LES conseillers d’État se plaignent de n’avoir eu que trois semaines, soit exactement 21 jours, pour examiner un texte que le gouvernement leur a soumis le 3 janvier, qu’ils devaient remettre leur avis le 24 janvier et que, entretemps, la loi a subi six modifications. Effectivement, ils n’ont pas travaillé dans la sérénité. On serait passé outre cet inconfort si, par ailleurs, ils n’avaient contesté le projet sur plusieurs points. Dont le plus sérieux est qu’ils ne sauraient « garantir la sécurité juridique », ce qui constitue la réserve la plus grave qu’ils aient émise.

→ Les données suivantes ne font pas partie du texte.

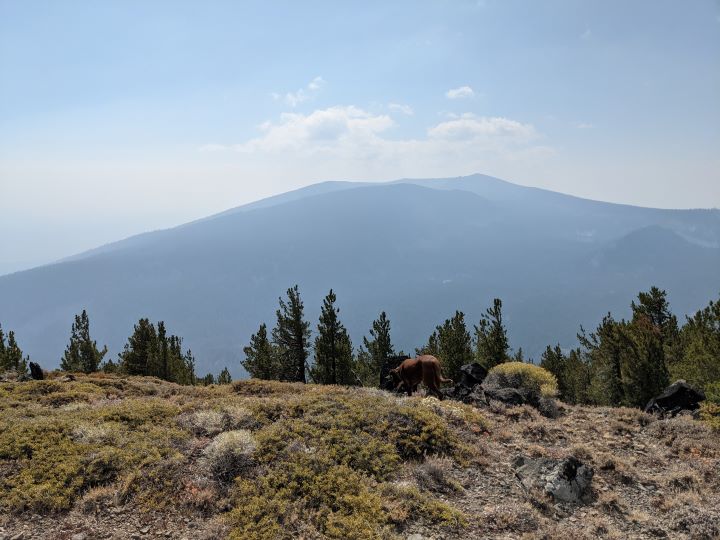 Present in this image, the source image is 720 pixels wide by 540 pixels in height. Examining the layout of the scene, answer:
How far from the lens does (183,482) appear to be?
425 inches

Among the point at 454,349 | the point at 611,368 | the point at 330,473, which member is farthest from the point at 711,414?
the point at 454,349

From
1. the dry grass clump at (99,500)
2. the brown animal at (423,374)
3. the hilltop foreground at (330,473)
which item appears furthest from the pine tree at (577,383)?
the dry grass clump at (99,500)

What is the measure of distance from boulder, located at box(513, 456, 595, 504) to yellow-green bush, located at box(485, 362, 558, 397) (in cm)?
906

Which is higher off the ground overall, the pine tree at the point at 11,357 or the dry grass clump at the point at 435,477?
the pine tree at the point at 11,357

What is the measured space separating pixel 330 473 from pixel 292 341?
106 ft

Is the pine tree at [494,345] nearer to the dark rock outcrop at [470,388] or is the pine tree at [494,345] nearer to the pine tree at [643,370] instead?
the pine tree at [643,370]

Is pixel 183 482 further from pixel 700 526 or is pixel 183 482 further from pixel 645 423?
pixel 645 423

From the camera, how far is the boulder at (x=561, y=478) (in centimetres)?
1115

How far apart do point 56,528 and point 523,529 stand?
10.4m

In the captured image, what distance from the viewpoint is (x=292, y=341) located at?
42531 mm

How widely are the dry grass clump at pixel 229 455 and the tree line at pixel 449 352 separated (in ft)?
74.8

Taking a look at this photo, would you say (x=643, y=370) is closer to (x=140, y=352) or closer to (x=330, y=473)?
(x=330, y=473)

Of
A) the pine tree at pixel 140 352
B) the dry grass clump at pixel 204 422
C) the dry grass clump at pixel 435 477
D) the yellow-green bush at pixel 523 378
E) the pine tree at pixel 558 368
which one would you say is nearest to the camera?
the dry grass clump at pixel 435 477

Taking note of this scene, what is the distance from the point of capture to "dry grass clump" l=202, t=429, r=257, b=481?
11.3 meters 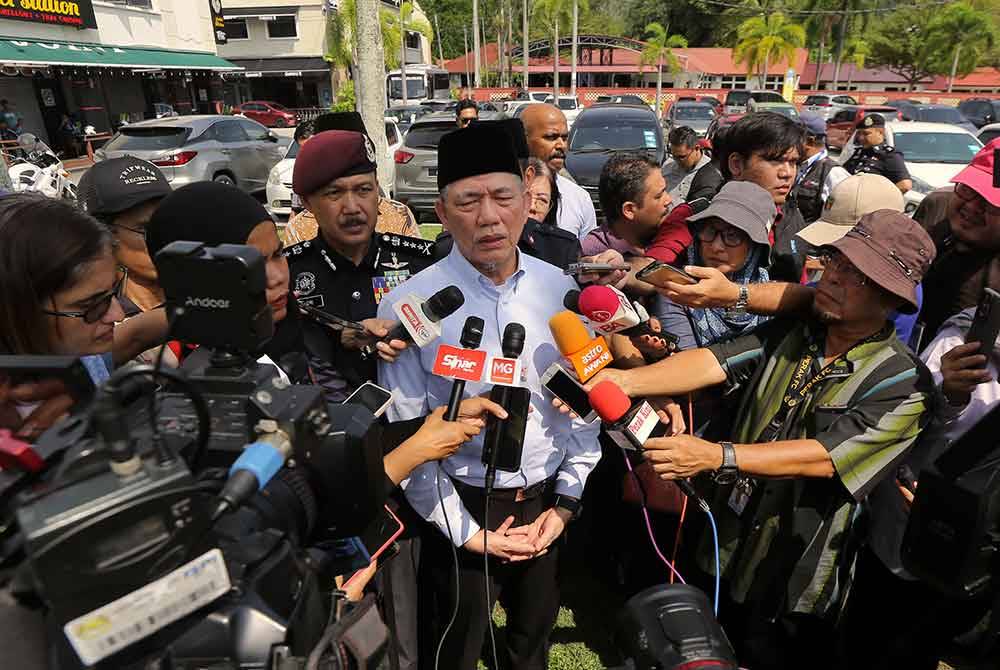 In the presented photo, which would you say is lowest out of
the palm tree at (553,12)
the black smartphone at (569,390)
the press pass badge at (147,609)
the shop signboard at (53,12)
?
the black smartphone at (569,390)

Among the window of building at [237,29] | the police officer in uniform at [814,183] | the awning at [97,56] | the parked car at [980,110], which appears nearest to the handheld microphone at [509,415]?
the police officer in uniform at [814,183]

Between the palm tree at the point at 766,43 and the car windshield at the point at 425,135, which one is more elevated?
the palm tree at the point at 766,43

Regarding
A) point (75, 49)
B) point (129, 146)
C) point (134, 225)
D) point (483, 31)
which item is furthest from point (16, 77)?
point (483, 31)

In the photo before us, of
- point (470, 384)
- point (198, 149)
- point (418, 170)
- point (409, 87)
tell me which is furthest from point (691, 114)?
point (409, 87)

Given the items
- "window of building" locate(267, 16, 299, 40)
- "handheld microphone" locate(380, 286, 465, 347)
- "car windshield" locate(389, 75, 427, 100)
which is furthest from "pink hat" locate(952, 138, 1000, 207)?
"window of building" locate(267, 16, 299, 40)

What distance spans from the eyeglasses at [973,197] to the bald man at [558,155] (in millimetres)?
2012

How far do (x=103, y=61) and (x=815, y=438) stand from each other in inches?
936

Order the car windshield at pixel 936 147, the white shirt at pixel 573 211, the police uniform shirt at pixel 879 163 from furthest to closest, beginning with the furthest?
the car windshield at pixel 936 147, the police uniform shirt at pixel 879 163, the white shirt at pixel 573 211

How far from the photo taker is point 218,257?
37.7 inches

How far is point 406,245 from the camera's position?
269 centimetres

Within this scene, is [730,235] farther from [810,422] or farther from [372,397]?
[372,397]

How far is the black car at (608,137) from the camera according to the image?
28.8ft

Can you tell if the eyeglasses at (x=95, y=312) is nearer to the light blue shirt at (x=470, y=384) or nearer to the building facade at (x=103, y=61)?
the light blue shirt at (x=470, y=384)

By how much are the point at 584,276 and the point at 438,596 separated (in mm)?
1245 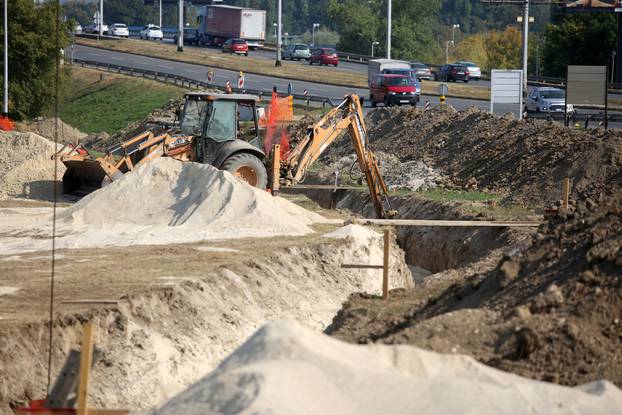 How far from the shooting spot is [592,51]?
239ft

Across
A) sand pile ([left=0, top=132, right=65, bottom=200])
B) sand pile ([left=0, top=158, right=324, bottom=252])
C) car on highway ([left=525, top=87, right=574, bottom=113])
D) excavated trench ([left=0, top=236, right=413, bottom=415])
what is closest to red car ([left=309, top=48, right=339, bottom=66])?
car on highway ([left=525, top=87, right=574, bottom=113])

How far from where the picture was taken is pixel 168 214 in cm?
2450

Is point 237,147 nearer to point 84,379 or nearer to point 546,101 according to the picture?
point 84,379

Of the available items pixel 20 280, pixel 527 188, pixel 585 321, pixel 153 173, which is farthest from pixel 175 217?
pixel 585 321

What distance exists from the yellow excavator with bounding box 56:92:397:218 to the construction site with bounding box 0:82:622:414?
0.05m

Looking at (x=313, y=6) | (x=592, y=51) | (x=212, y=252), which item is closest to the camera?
(x=212, y=252)

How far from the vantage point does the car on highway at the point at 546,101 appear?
4947 centimetres

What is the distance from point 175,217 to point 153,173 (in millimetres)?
1469

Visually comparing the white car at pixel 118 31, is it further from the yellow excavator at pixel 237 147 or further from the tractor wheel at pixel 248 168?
the tractor wheel at pixel 248 168

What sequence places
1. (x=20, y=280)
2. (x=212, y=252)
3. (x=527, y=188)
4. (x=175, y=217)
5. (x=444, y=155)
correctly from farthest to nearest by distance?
1. (x=444, y=155)
2. (x=527, y=188)
3. (x=175, y=217)
4. (x=212, y=252)
5. (x=20, y=280)

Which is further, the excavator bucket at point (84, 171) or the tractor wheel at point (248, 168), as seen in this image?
the excavator bucket at point (84, 171)

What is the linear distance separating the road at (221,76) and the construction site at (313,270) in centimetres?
1739

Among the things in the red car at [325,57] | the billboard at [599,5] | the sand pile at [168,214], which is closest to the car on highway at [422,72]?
the red car at [325,57]

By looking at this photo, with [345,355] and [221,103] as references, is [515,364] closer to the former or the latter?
[345,355] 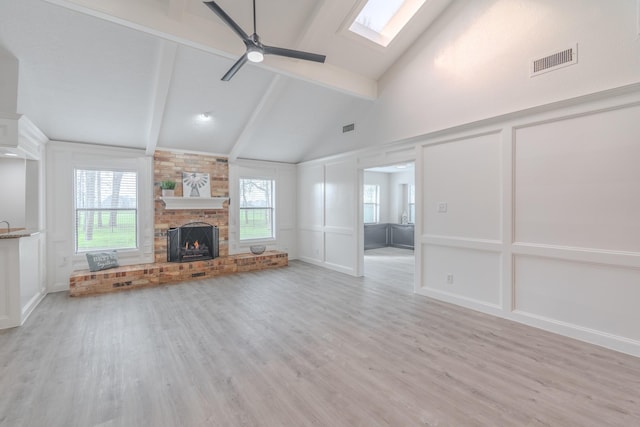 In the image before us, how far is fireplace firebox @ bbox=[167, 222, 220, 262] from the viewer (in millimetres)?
5961

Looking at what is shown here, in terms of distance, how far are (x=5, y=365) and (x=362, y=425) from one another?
3137 mm

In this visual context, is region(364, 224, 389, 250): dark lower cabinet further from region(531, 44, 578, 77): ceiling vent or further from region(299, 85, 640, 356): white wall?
region(531, 44, 578, 77): ceiling vent

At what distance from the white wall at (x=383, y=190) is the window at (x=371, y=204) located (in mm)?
143

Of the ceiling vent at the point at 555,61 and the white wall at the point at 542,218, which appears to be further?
the ceiling vent at the point at 555,61

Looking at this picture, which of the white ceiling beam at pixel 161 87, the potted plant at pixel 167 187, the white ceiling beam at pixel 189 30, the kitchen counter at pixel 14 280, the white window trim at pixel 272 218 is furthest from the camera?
the white window trim at pixel 272 218

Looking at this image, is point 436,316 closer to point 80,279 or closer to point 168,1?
point 168,1

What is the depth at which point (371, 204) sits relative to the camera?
33.5ft

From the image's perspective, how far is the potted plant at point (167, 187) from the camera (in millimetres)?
5742

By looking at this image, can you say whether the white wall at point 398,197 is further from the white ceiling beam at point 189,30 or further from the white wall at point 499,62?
the white ceiling beam at point 189,30

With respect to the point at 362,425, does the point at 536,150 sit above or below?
above

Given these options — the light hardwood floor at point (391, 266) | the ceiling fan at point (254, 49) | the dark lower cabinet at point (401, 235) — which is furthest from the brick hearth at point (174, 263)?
the dark lower cabinet at point (401, 235)

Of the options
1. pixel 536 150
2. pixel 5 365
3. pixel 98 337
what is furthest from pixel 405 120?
pixel 5 365

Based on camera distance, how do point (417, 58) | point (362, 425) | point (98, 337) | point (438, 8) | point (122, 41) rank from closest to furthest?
point (362, 425), point (98, 337), point (122, 41), point (438, 8), point (417, 58)

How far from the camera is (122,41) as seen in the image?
341cm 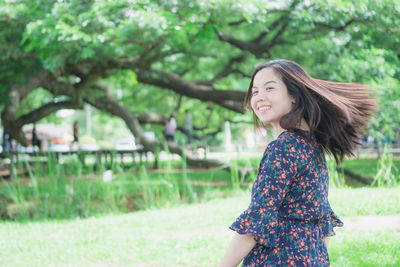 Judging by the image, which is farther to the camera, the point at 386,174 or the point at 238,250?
the point at 386,174

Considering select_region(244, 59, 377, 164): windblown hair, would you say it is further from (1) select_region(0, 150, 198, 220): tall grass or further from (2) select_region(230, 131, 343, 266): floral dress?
(1) select_region(0, 150, 198, 220): tall grass

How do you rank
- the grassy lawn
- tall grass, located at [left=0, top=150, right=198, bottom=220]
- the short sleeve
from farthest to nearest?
tall grass, located at [left=0, top=150, right=198, bottom=220], the grassy lawn, the short sleeve

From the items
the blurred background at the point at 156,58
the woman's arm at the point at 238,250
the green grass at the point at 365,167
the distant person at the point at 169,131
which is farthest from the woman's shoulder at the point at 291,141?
the distant person at the point at 169,131

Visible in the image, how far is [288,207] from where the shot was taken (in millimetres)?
1638

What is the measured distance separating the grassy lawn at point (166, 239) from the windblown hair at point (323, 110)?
7.47ft

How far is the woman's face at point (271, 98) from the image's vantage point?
5.87 feet

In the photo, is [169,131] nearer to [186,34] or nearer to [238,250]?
[186,34]

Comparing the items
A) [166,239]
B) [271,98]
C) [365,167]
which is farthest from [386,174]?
[365,167]

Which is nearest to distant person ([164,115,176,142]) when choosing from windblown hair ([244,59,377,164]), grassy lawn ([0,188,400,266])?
grassy lawn ([0,188,400,266])

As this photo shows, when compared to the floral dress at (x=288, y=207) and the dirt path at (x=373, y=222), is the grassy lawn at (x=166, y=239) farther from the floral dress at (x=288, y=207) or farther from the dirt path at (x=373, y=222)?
the floral dress at (x=288, y=207)

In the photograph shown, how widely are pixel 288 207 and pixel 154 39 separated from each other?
7.29m

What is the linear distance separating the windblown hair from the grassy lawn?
228 centimetres

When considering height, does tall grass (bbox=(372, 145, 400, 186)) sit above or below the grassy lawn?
above

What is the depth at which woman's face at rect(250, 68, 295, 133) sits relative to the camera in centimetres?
179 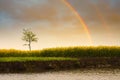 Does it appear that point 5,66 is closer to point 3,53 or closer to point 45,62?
point 45,62

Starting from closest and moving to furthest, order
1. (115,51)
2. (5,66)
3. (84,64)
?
(5,66), (84,64), (115,51)

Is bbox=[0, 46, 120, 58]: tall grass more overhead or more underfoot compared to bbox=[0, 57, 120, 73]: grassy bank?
more overhead

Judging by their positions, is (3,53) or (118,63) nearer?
(118,63)

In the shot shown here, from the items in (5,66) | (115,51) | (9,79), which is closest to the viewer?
(9,79)

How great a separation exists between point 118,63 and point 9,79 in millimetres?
10434

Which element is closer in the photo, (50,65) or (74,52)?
(50,65)

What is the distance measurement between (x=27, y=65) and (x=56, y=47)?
1063 centimetres

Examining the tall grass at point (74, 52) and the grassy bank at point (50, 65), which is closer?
the grassy bank at point (50, 65)

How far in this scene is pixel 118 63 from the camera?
24734 millimetres

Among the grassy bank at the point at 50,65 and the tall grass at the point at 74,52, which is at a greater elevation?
the tall grass at the point at 74,52

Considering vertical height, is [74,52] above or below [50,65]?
above

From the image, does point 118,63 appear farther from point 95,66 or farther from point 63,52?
point 63,52

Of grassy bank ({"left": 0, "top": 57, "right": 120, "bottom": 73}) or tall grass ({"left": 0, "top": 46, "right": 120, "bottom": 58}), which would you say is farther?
tall grass ({"left": 0, "top": 46, "right": 120, "bottom": 58})

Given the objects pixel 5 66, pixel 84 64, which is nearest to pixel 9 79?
pixel 5 66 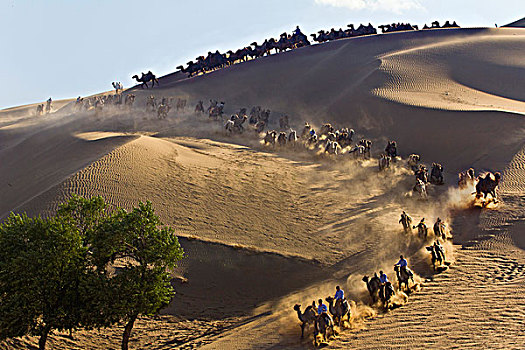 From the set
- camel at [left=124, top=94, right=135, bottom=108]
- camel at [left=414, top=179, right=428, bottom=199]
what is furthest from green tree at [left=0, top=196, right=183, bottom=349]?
camel at [left=124, top=94, right=135, bottom=108]

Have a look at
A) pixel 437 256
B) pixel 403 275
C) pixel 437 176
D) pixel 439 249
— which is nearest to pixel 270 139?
pixel 437 176

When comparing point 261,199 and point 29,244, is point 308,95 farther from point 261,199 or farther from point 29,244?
point 29,244

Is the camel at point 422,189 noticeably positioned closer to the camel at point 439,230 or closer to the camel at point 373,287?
the camel at point 439,230

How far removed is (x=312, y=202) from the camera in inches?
998

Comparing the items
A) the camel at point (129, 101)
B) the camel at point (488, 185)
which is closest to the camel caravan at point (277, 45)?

En outre, ils estiment que le document contient des « projections financières lacunaires », notamment parce que, au moment de la « bascule » entre l’ancien système et le « nouveau système universel »,  est « particulièrement cruciale » , à savoir que, en l’absence d’ordonnance, la réforme ne s’appliquera pas aux Français nés à partir de 1975. Enfin, l’engagement du gouvernement de revaloriser les salaires des enseignants et des chercheurs doit disparaître car ces dispositions sont une injonction à l’exécutif de déposer un projet de loi, ce qui est contraire à la Constitution.

« Une initiative inédite ».

Le Conseil d’état reconnaît pourtant, et sa sévérité en est d’autant plus sérieuse, qu’il considère la réforme des retraites comme une « initiative inédite depuis 1945 et qu’elle est destinée à transformer pour des décennies une des composantes majeures du contrat social ». Cette approbation sur le fond n’empêche pas les conseillers de réclamer une écriture du texte très différente. C’est un jugement stupéfiant dans la mesure où le texte a été négocié pendant des mois, qu’il a donné lieu à une concertation avec les syndicats et avec les élus, que pratiquement le plupart de nos concitoyens ont donné leur avis. Or on s’aperçoit aujourd’hui que le travail accompli par nos dirigeants est superficiel, incomplet et insuffisant par rapport à la somme de travail qui a été accomplie. Cette défaillance des services les plus compétents de l’État nous renvoie aux multiples accusations d’amateurisme qui, de toute évidence, n’étaient pas toutes infondées et surtout sont validées par un Conseil d’État dont le rôle est totalement impartial. En fait, ce que signifie son évaluation du projet de loi, c’est que celui-ci est incapable d’être validé en l’état par le Conseil constitutionnel si par extraordinaire il était voté par le Parlement.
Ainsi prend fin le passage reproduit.